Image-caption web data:
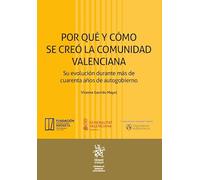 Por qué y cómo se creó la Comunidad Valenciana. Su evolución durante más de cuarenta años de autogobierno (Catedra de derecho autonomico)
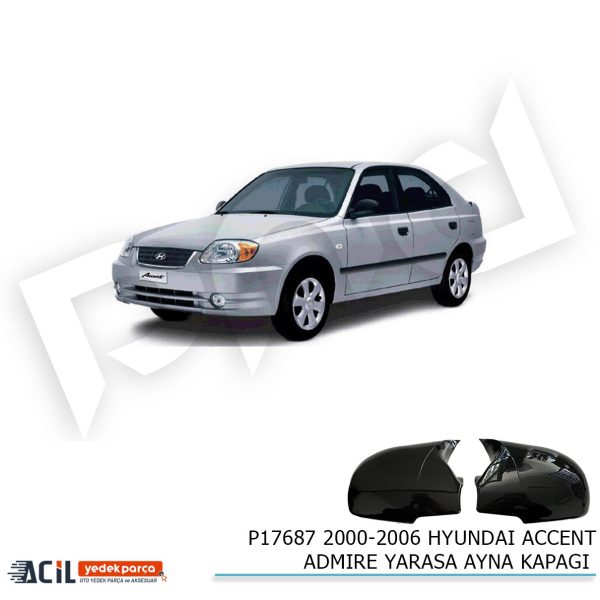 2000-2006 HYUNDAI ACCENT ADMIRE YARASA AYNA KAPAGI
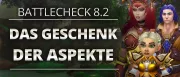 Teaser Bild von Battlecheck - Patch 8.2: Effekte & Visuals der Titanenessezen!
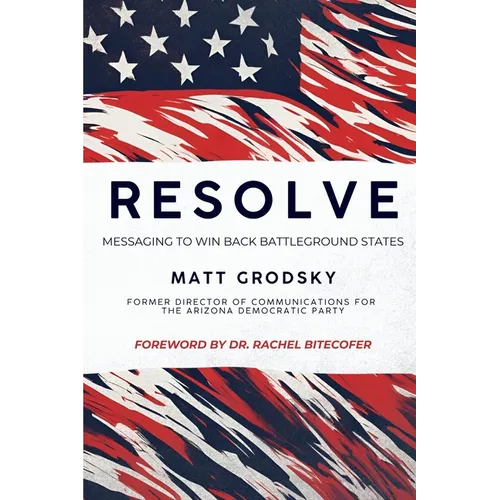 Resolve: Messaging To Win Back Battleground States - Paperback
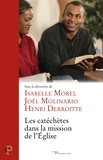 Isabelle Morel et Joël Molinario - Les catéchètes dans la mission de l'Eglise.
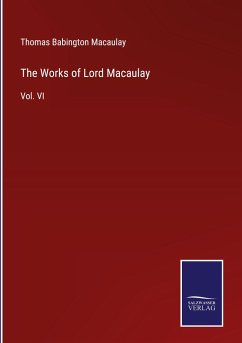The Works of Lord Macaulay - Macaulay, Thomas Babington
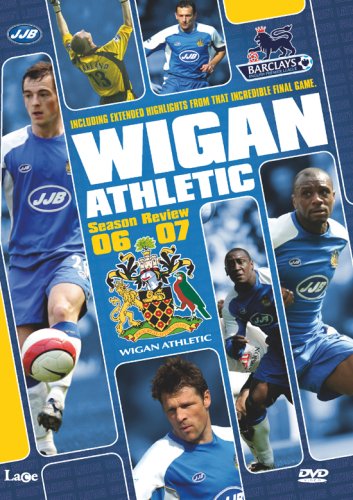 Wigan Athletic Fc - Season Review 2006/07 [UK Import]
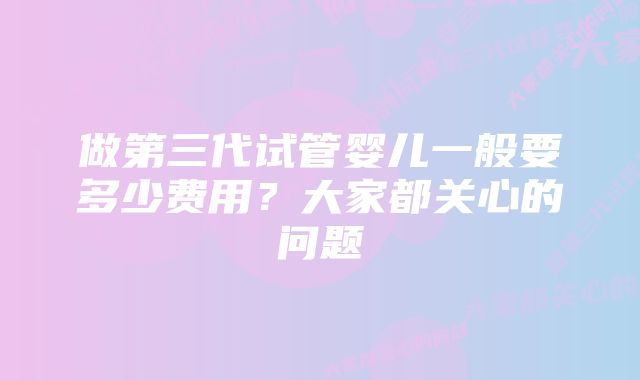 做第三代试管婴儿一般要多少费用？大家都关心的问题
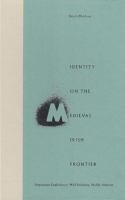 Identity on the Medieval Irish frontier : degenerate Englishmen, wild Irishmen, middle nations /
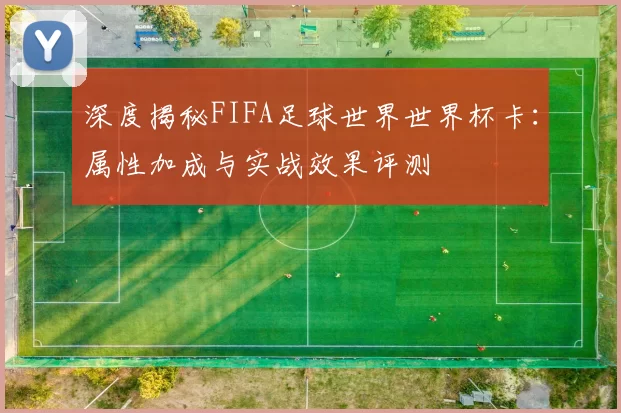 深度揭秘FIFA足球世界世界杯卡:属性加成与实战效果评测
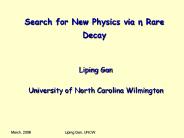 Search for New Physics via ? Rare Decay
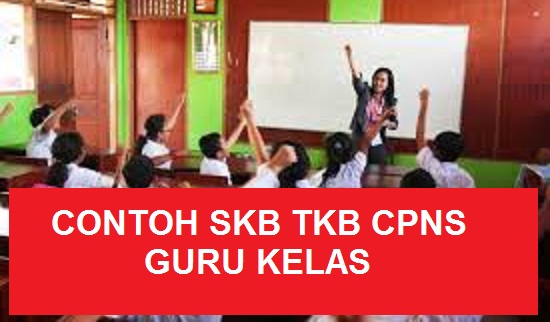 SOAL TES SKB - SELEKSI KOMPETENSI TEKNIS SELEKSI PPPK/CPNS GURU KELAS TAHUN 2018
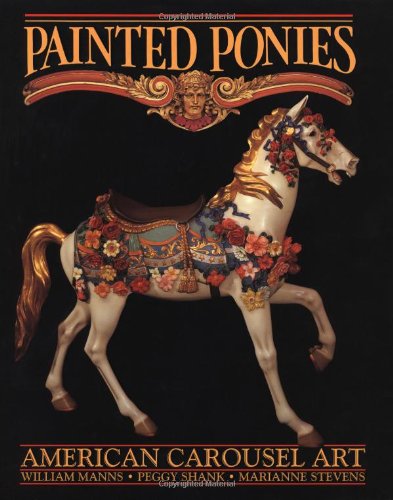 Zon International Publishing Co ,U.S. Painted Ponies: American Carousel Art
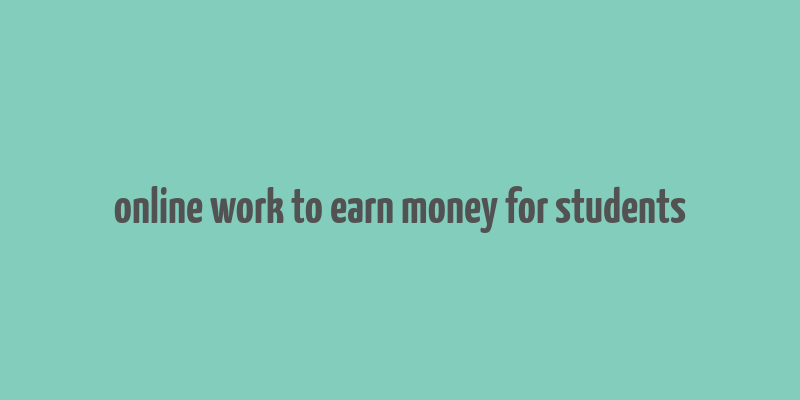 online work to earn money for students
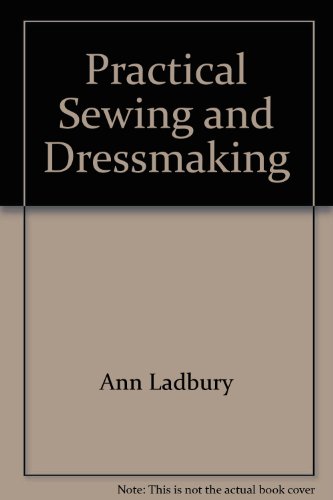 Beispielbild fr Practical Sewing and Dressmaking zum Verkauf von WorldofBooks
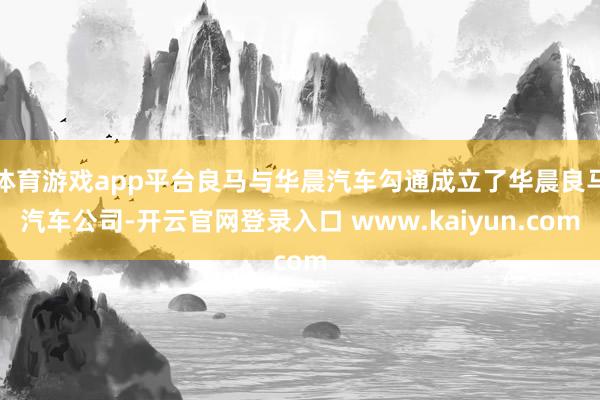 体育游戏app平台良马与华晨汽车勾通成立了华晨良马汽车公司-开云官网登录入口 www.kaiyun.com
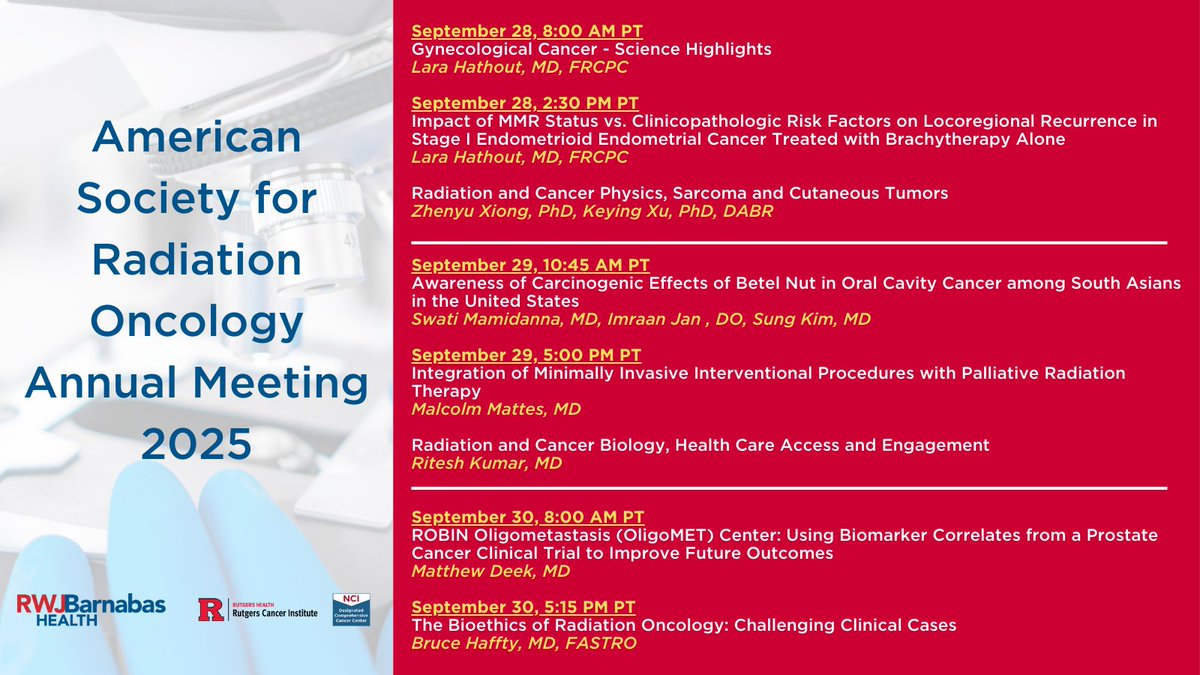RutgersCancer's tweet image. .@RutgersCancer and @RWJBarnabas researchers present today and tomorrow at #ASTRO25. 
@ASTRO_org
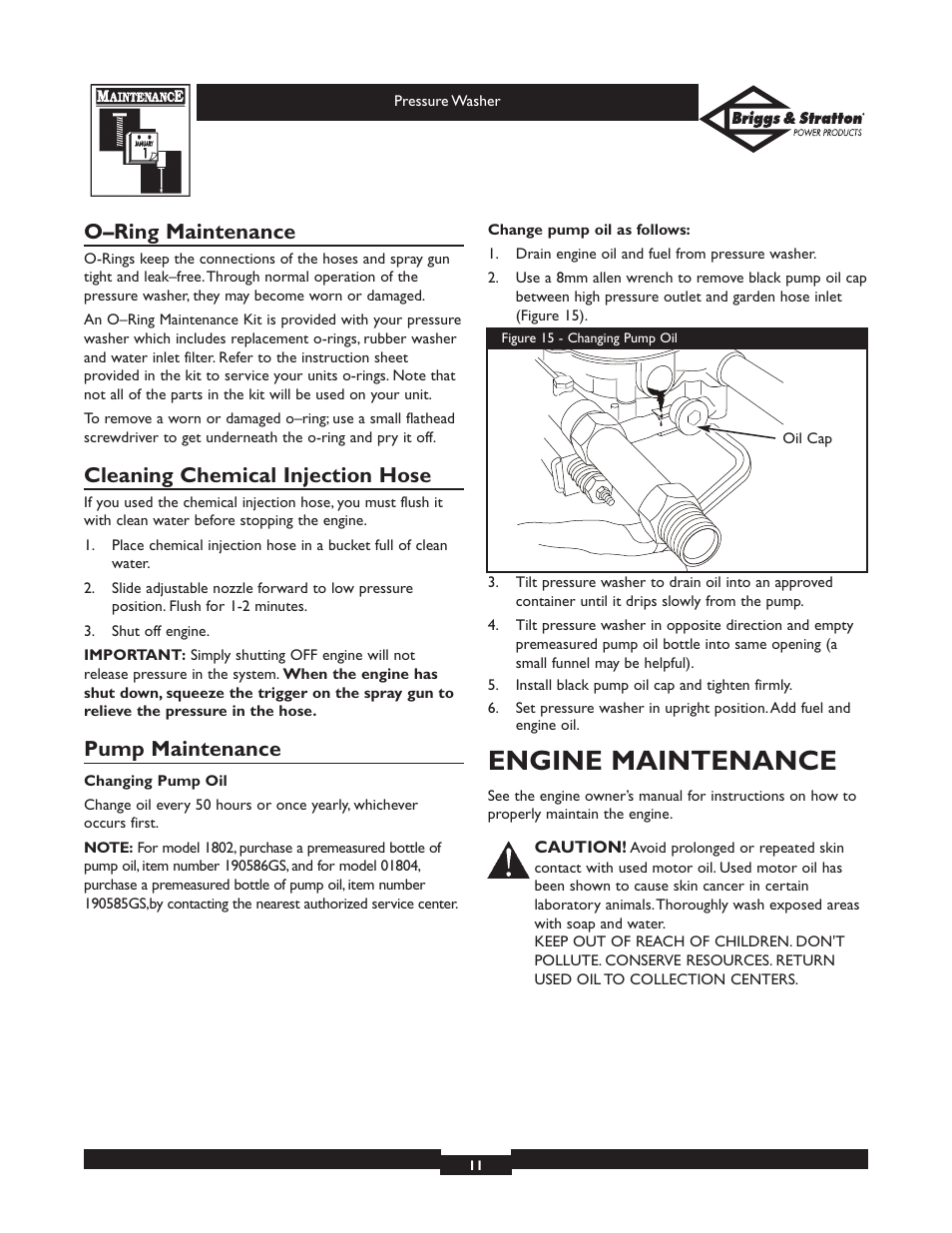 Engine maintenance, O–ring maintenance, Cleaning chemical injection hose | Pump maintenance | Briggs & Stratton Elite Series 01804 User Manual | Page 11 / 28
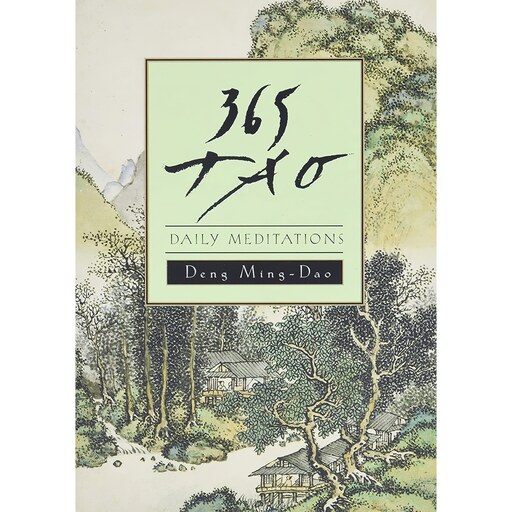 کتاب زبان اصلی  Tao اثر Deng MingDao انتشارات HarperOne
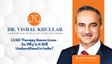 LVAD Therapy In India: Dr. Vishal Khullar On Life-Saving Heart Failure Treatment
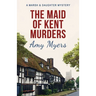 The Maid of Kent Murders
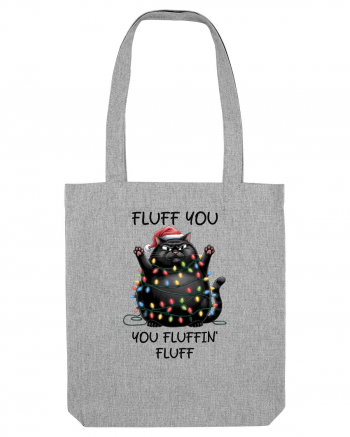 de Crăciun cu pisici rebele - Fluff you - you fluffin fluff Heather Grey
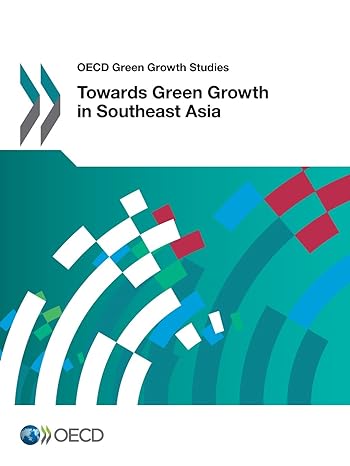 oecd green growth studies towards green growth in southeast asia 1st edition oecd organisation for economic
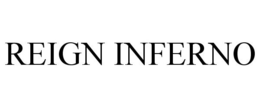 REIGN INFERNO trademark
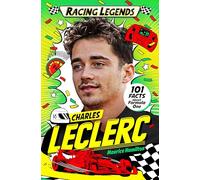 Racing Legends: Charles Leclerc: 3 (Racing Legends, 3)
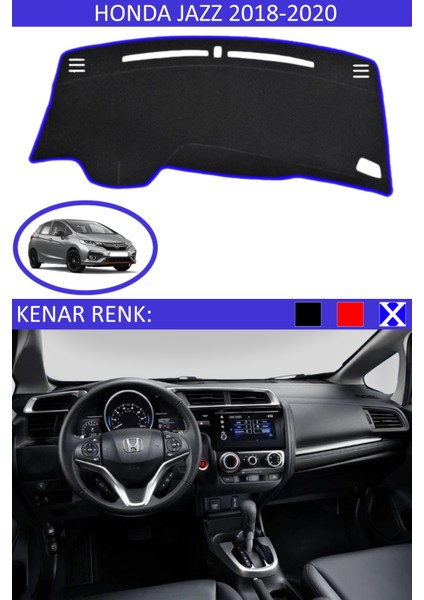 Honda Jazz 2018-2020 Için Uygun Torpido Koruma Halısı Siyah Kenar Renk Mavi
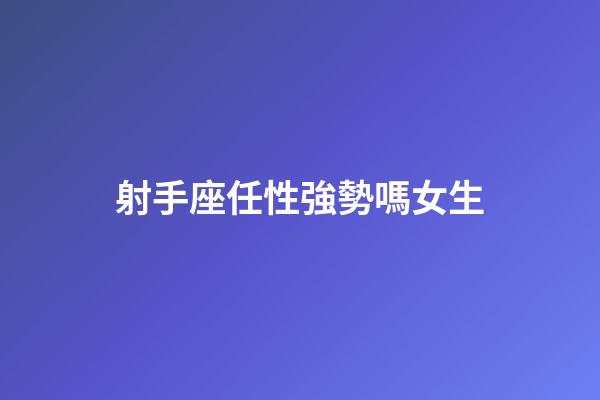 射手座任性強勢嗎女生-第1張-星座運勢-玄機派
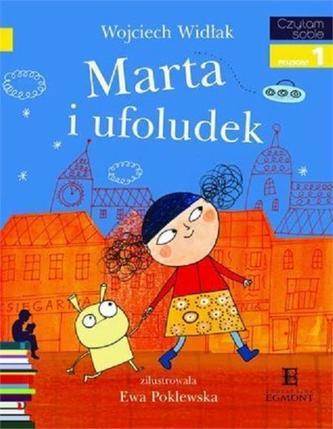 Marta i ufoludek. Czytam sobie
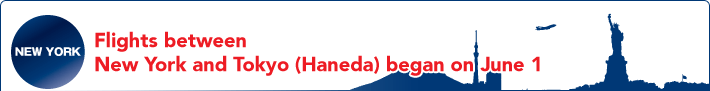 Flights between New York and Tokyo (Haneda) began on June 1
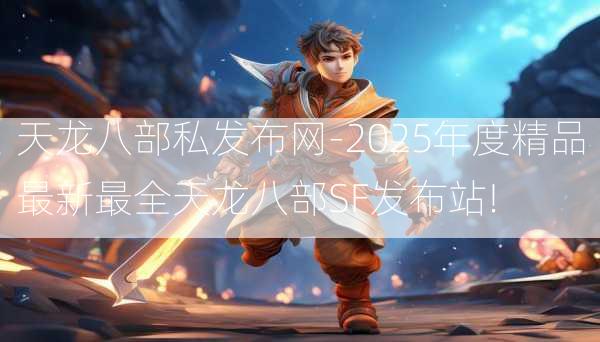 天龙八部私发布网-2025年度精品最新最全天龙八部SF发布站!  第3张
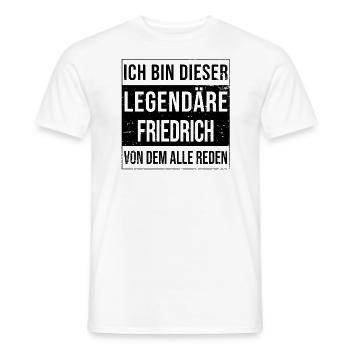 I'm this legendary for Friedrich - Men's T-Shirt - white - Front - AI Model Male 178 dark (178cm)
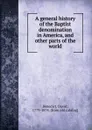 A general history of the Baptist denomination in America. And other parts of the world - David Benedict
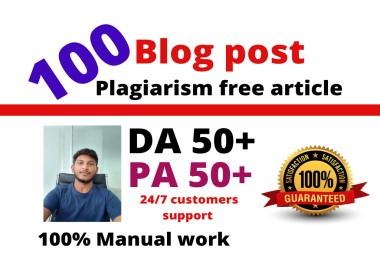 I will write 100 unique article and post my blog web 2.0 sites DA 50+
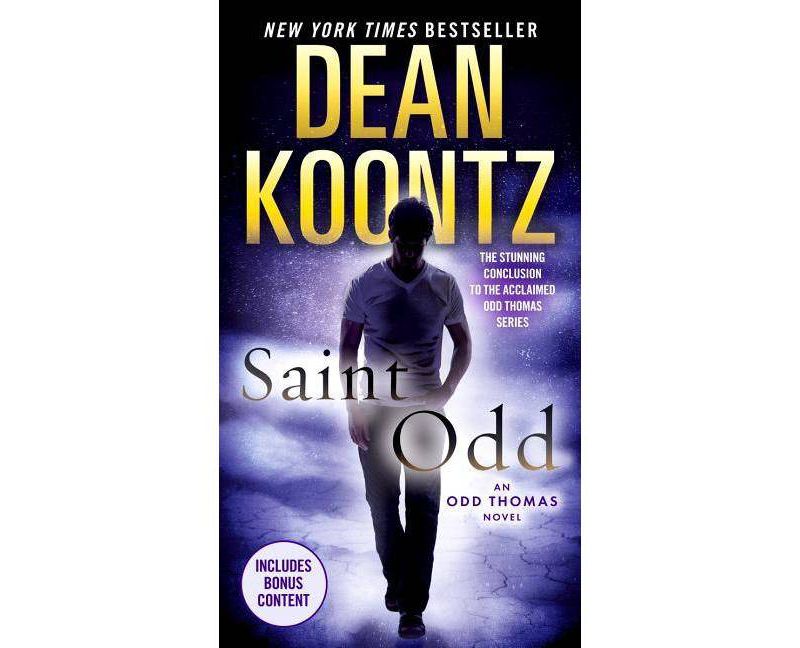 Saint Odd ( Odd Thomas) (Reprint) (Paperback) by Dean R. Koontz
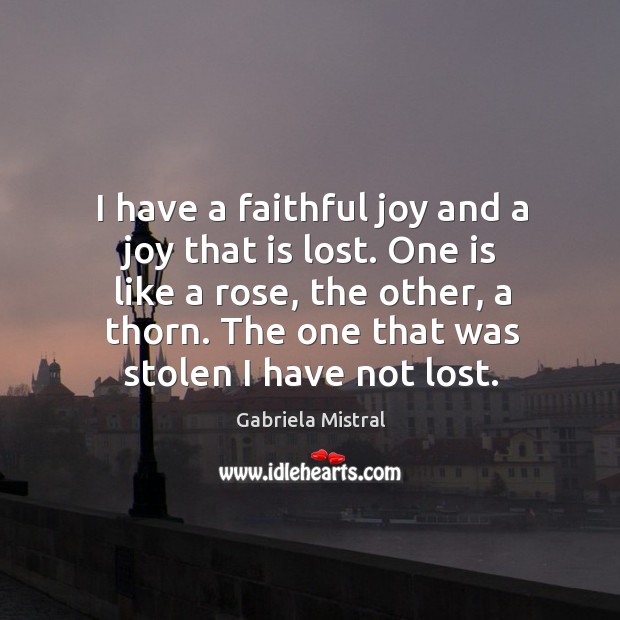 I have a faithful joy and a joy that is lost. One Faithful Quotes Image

# [Aim of the exercise]
Would you copy, word for word, only the lines above from the one containing "Beispielbild fr Practical" through the one containing "oecd green growth", both included, and please leave out the pictures?

# [Answer for this exercise]
 Beispielbild fr Practical Sewing and Dressmaking zum Verkauf von WorldofBooks
 体育游戏app平台良马与华晨汽车勾通成立了华晨良马汽车公司-开云官网登录入口 www.kaiyun.com
RutgersCancer's tweet image. .@RutgersCancer and @RWJBarnabas researchers present today and tomorrow at #ASTRO25. 
@ASTRO_org
 Engine maintenance, O–ring maintenance, Cleaning chemical injection hose | Pump maintenance | Briggs & Stratton Elite Series 01804 User Manual | Page 11 / 28
 کتاب زبان اصلی  Tao اثر Deng MingDao انتشارات HarperOne
 LVAD Therapy In India: Dr. Vishal Khullar On Life-Saving Heart Failure Treatment
 The Maid of Kent Murders
 de Crăciun cu pisici rebele - Fluff you - you fluffin fluff Heather Grey
 oecd green growth studies towards green growth in southeast asia 1st edition oecd organisation for economic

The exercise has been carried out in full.